Há seis anos, quando foi ao ar o primeiro episódio de "Game of Thrones", o espectador aprendeu logo na primeira cena o fato que os personagens repetirão como um refrão: o inverno está chegando.
Tal constatação é um recurso narrativo clássico para prender a atenção de quem assiste. Algo paira sobre toda a narrativa, sem jamais se concretizar, e a mantem tensionada. Chegar à conclusão, por isso, é sempre um risco para os roteiristas — é comum que eles percam a mão justo quando não poderiam.
O sexto episódio da penúltima temporada da série, que foi a ar na noite deste domingo (20), indica que tudo que o programa tinha de particular está próximo de desandar. A narrativa, vista como inovadora, torna-se mais convencional ao se aproximar do fim.
O primeiro fato a se lamentar é que uma história que se destacou pelo trabalho com personagens — sua evolução, suas contradições — deixe esta dimensão de lado em nome de algo menos surpreendente, a ação.
O núcleo de gravidade da série agora se desloca das intrigas pelo o poder para a grande catástrofe prestes a se concretizar. Se não quiser ver spoilers, é melhor parar por aqui.
Neste capítulo da série, vemos Jon Snow e sua trupe fora da muralha tentando capturar um zumbi a fim de levá-lo a Cersei Lannister.

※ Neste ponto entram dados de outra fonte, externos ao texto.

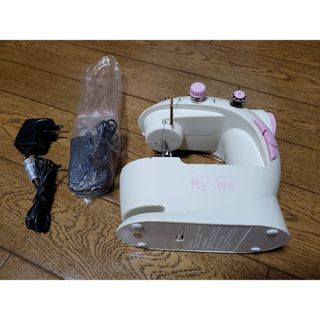 マクロス　電動小型ミシン　 MEH-130　中古品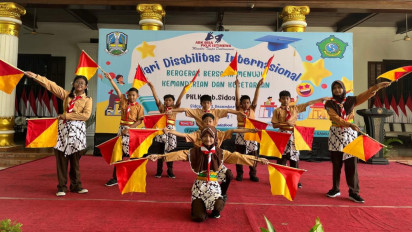 Peringati Hari Disabilitas Internasional, SLB B Tuna Rungu Sidoarjo Unjuk Kebolehan Tampilkan Semaphore Dance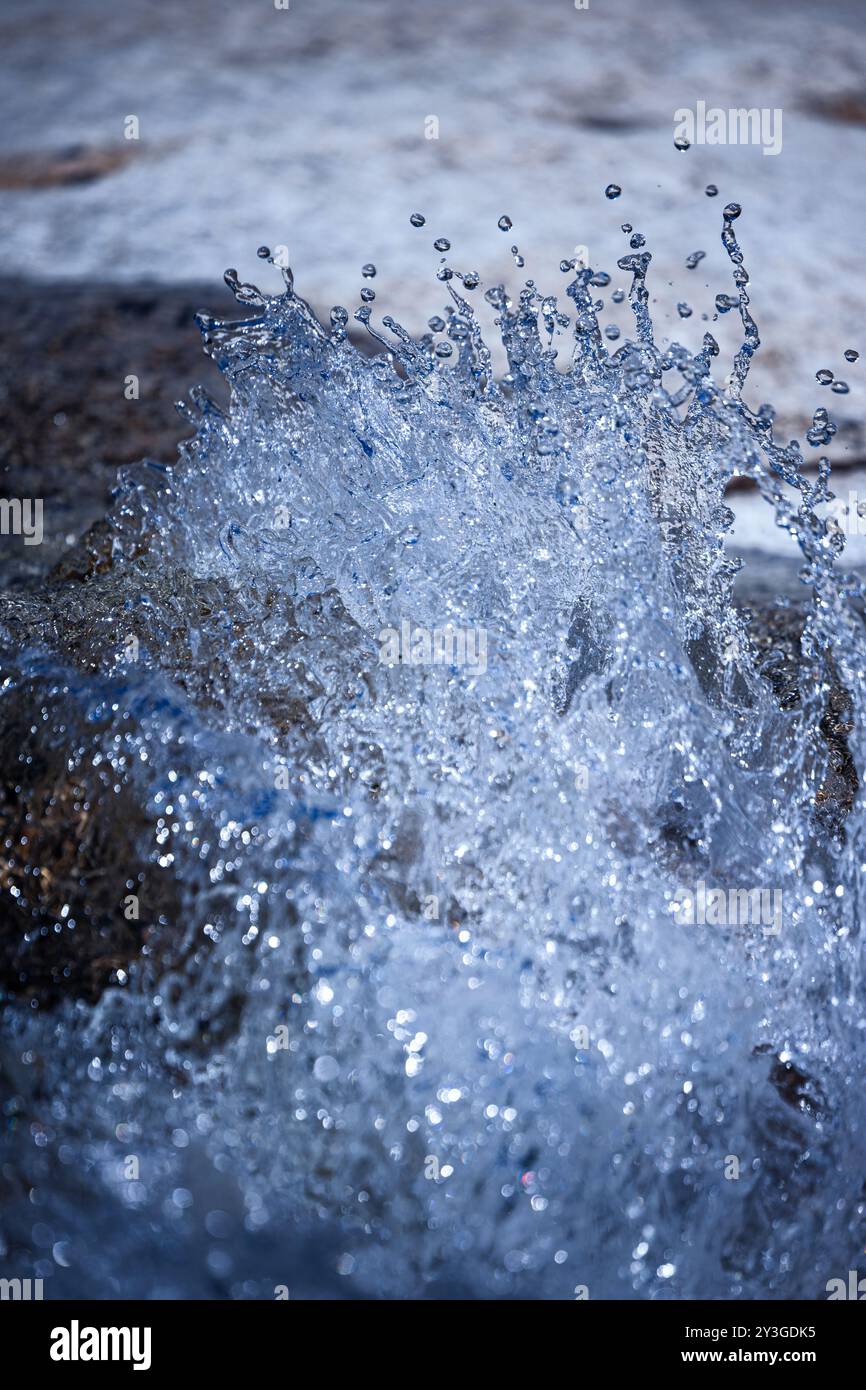 Wasser, das in Bewegung am Bassi Creek im El Dorado County Kalifornien gefroren wurde Stockfoto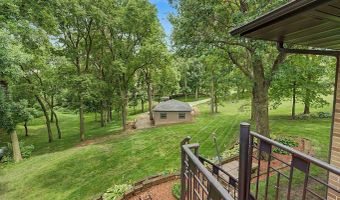 2349 Lake View Dr, Ames, IA 50010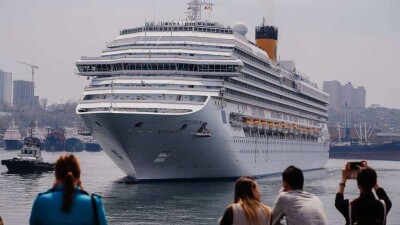 Круизный лайнер столкнулся с туристическим судном в Венеции, пять человек получили ранения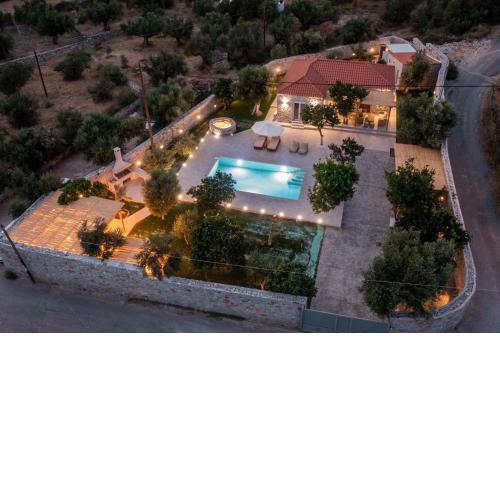 Mani Luxury Villa with Private Pool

A ideia é convencê-la de que a guerra mais importante não é a disputa pelo Trono de Ferro, mas a que vai acontecer contra o exército dos mortos, prestes a invadir Westeros.
O resultado é a turma toda cercada por uma multidão de zumbis, que precisa pedir a ajuda de Daenerys Targaryen para se safar. Ao salvá-los, um dos dragões dela acaba morto pelo Rei da Noite — e ressuscitado como dragão-zumbi.
Está resolvido, agora, a questão de como o exército dos mortos fará para cruzar a muralha e invadir Westeros. Vendo o tamanho da encrenca — e se derretendo pela mãe dos dragões —, Jon Snow resolve aceitá-la como sua rainha.
O único drama de personagens a sobreviver é a relação entre as irmãs Sansa e Arya Stark. Mandando em Winterfell na ausência de Jon, a primeira dá sinais de ter sido corrompida pela mosca azul do poder — e é desafiada por Arya, que percebe. Temos aqui um núcleo bem típico do que a série sempre fez.
Dramaturgia convencional
Não é só a aposta no desenrolar da trama em vez de na psicologia dos personagens que torna "Game of Thrones" mais convencional. Há outros pontos. O primeiro: a série apoia todo o seu edifício narrativo nas duas figuras mais desinteressantes do programa, Jon Snow e Daenerys, que não parecem feitos da mesmo matéria humana dos demais.
O segundo é uma outra mudança de rumo. Para uma série que bebe na literatura de fantasia, sempre chamou a atenção o fato de "Game of Thrones" não apostar de forma muito evidente na jornada do herói, estrutura temática e narrativa com raízes nas histórias mitológicas — e abraçada por nove em cada dez histórias na indústria do entretenimento.
Antes, não era possível nem ter certeza de quem era o real protagonista, porque a série mudava seu foco a todo tempo. Agora, se algo não mudar de rumo, Jon Snow surge como o herói clássico. Motivos comuns na jornada do herói já faziam parte de sua história: a bastardia, a orfandade, o exílio. Sem falar na visitinha e volta do mundo dos mortos, outro elemento clássico.
Se a série ao menos nos tivesse apresentado um herói com alguma malandragem — nem precisava inventar muito, a esperteza é outra característica de alguns heróis —, não teríamos um protagonista tão sem charme.
Mesmo a chegada do apocalipse a um mundo corrompido — e seu poder de purificar esse mesmo mundo — é um tema repetido a exaustão (os bondosos dirão que faz parte do inconsciente coletivo que constitui nossa humanidade comum).
Se houver purificação ou mesmo salvação, "Game of Thrones" abrirá mão de seu aspecto profundamente pessimista, uma de suas grandes qualidades. Com seu niilismo, o programa parecia feito sob medida para nossos tempos. Claro, não é nada entendiante ver dragões cuspindo fogo, zumbis sanguinolentos e batalhas mortíferas. Mas é bom a série nos reservar alguma surpresa na próxima página.